Closure of a public road during winter months
In 1983 following three requests for assistance from people stranded by snow on a mountain road, a Council decided in the interests of public safety to temporarily close the road each year between April and October. However, the road had provided access during the winter months to Crown Land that was used by a mountaineering club for snow caving and ski-touring recreation. When the Council locked a gate some distance below the winter snowline and provided a key to the run-holder only, the mountaineering club asked the Ombudsman to investigate the road closure. The mountaineering club contended that the Council’s closure was invalid because it did not have the power to close the road for reasons of public safety.
The Ombudsman’s investigation revealed that the Council had closed the road under Clause 13 of the Tenth Schedule to the Local Government Act 1974. The provision may be summarised in this case in terms that a Council may close any road where it appears to it that owing to climatic conditions the continued use of the road may cause damage to it.
While the Council’s concern for the public safety was fully appreciated it was apparent that this clause was not the appropriate instrument through which it could resolve that concern. Clause 13 specifically related to the closure of roads owing to climatic conditions and the resultant damage that can be done to a road; it did not include the public safety factor which was the basis for the Council’s decision. As the Council had not closed the road because its use in the climatic conditions could damage it but because of a concern for public safety, the Ombudsman formed the view, in accordance with section 22(1) of the Ombudsmen Act 1975, that the road closure appeared to be contrary to law.

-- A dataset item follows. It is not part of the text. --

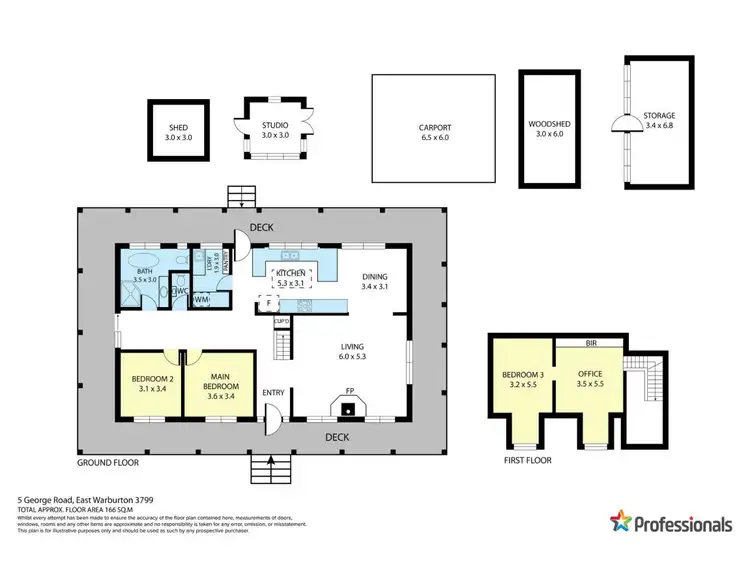 Floorplan of Homely house listing, 5 George Road, East Warburton VIC 3799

At the same time it was also apparent that there were avenues of redress open to the mountaineering club in respect of the matter in the form of renewed dialogue with the Council. The Ombudsman suggested that through such discussions, any closure of the road contemplated under Clause 13 of the Tenth Schedule, should take into account the possibility that the public could have unrestricted access to that part of the road which is gravelled and is therefore unlikely to be damaged during the period of road closure, as far as a gate where the gravelled road ends and where the snowline in winter often lies.

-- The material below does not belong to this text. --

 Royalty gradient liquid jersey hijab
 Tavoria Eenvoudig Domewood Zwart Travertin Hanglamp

Accordingly the investigation was discontinued under section 17(1)(a) of the Ombudsmen Act 1975 on the basis that there was an existing administrative practice in the form of further discussion with the Council to which it was reasonable for the mountaineering club to resort.
This case note is published under the authority of the Ombudsmen Rules 1989. It sets out an Ombudsman’s view on the facts of a particular case. It should not be taken as establishing any legal precedent that would bind an Ombudsman in future.